DATA PROVIDED below:

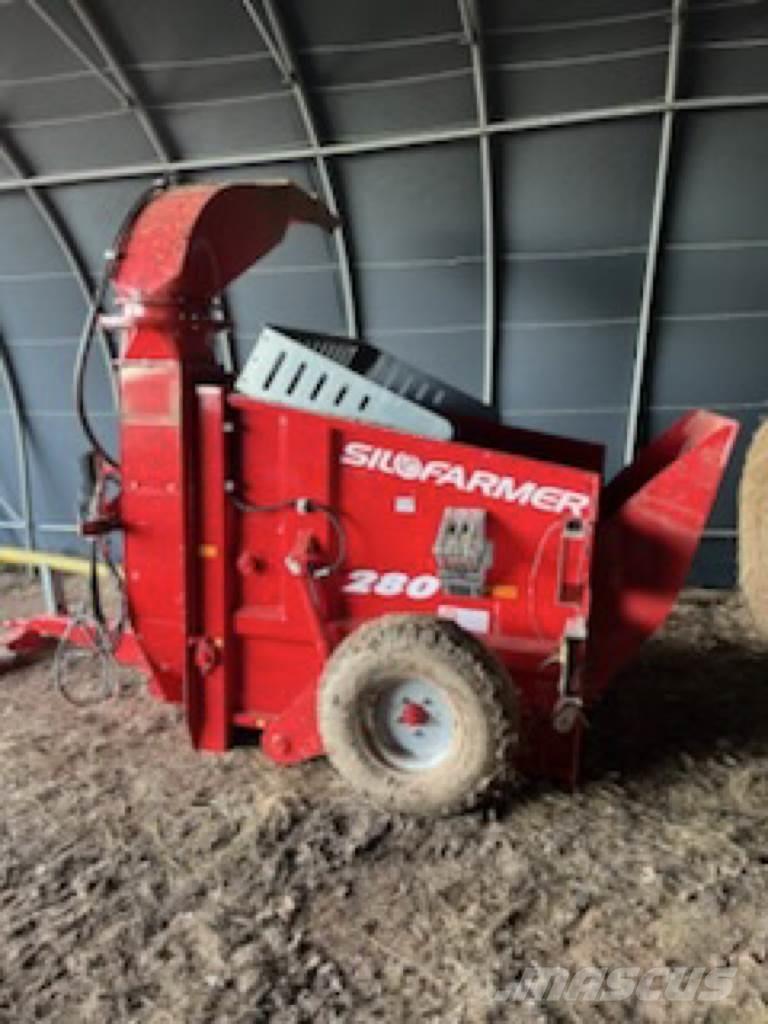 Silofarmer P 280 Balenhakselaars, -snijders en -afwikkelaars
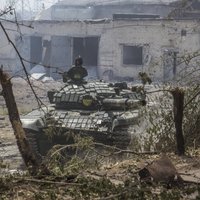 ASV gatavas piešķirt Ukrainas uzvarai nepieciešamo bruņojumu; Donbasā notiek nežēlīgākās kaujas Eiropā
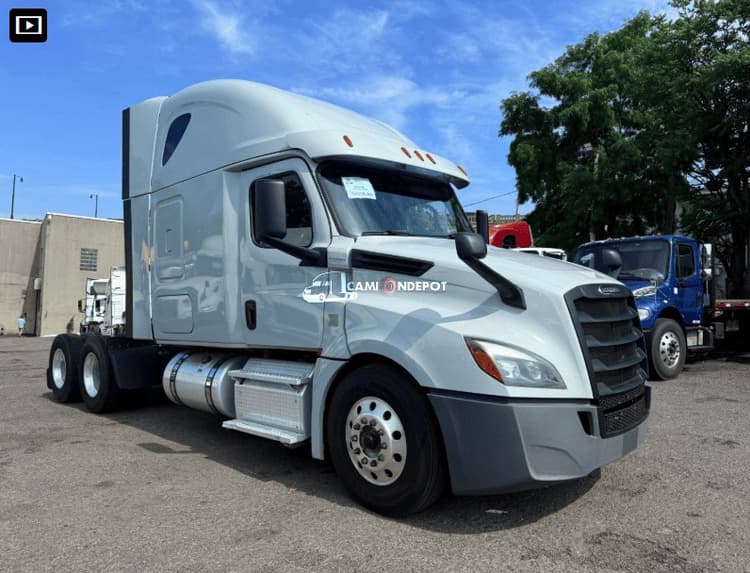 2019 Freightliner CASCADIA 126 Sleeper Trucks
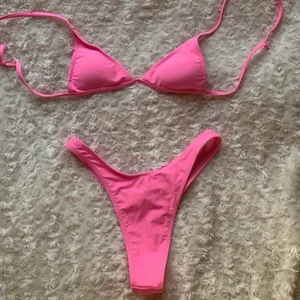 Bikini - Bikini, perfekt inför sommaren. Aldrig använd pga för liten. Storlek S men passar Xs, buda från 50kr💖💓💞
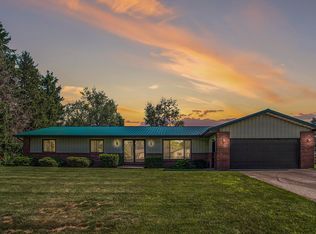 609 Somerset Dr, Middlebury, IN 46540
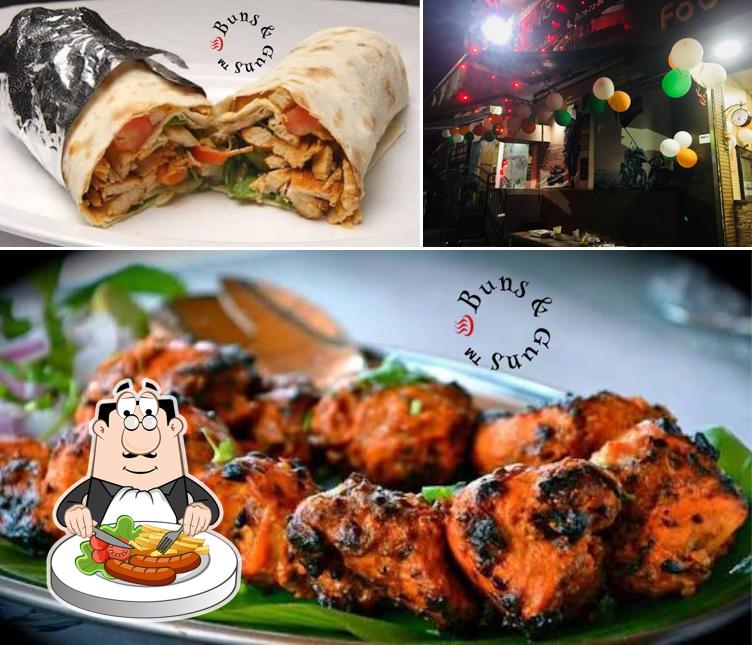 BUNS & GUNS AWAS VIKAS is distinguished by food and exterior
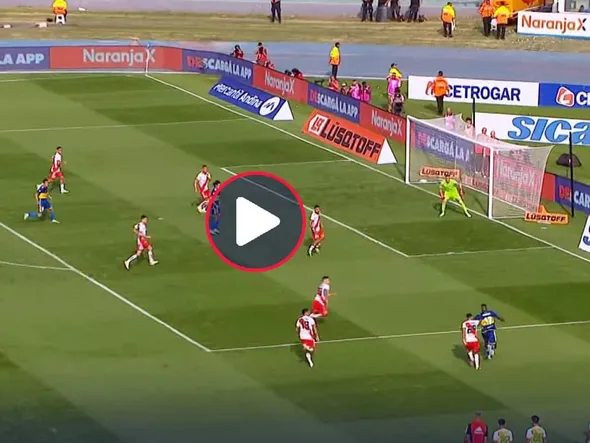 Luis Advíncula brilló con asistencia para que Boca se lleve el Superclásico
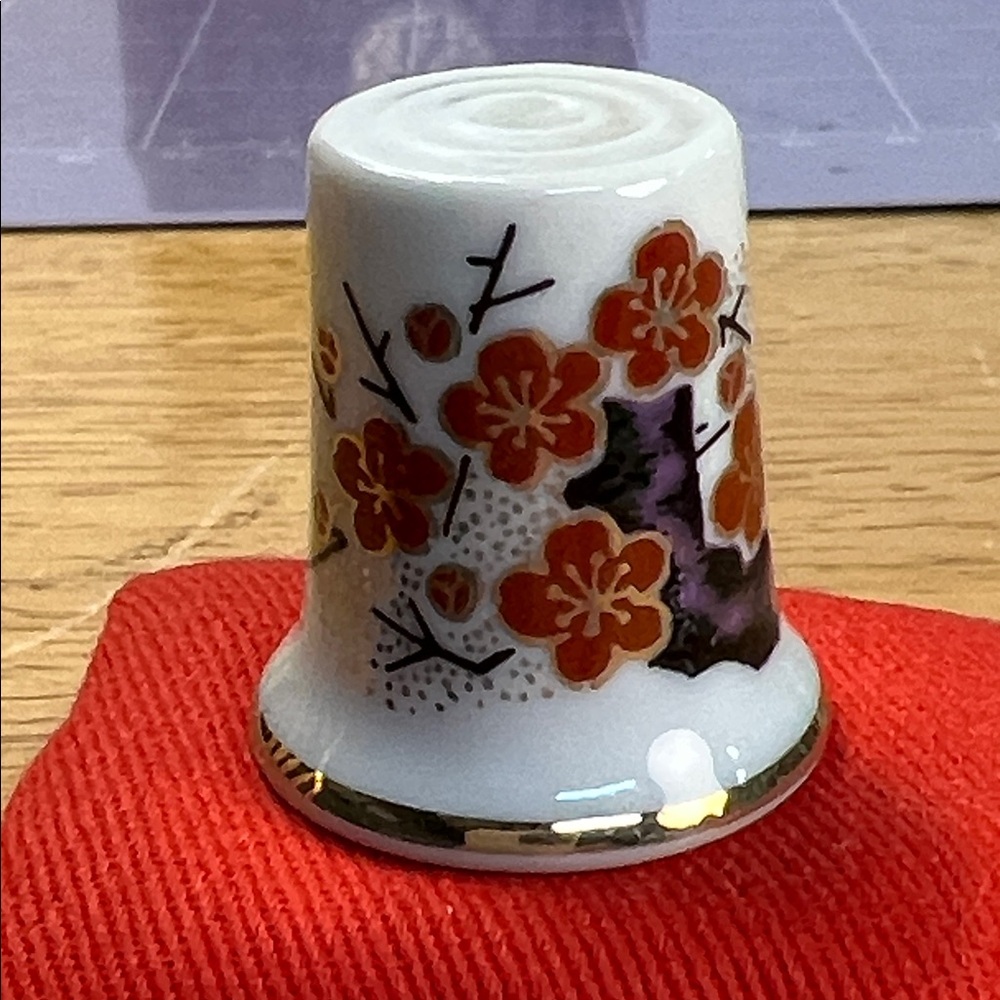Kutani (九谷) Ceramic Thimble - Picture 2 of 4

End of DATA PROVIDED.

- **EXERCISE GOAL**
Your task is to return the entries above exactly, with no pictures.

- **ANSWER TO THIS EXERCISE**
 Silofarmer P 280 Balenhakselaars, -snijders en -afwikkelaars
 ASV gatavas piešķirt Ukrainas uzvarai nepieciešamo bruņojumu; Donbasā notiek nežēlīgākās kaujas Eiropā
 2019 Freightliner CASCADIA 126 Sleeper Trucks
 Bikini - Bikini, perfekt inför sommaren. Aldrig använd pga för liten. Storlek S men passar Xs, buda från 50kr💖💓💞
 609 Somerset Dr, Middlebury, IN 46540
 BUNS & GUNS AWAS VIKAS is distinguished by food and exterior
 Luis Advíncula brilló con asistencia para que Boca se lleve el Superclásico
Kutani (九谷) Ceramic Thimble - Picture 2 of 4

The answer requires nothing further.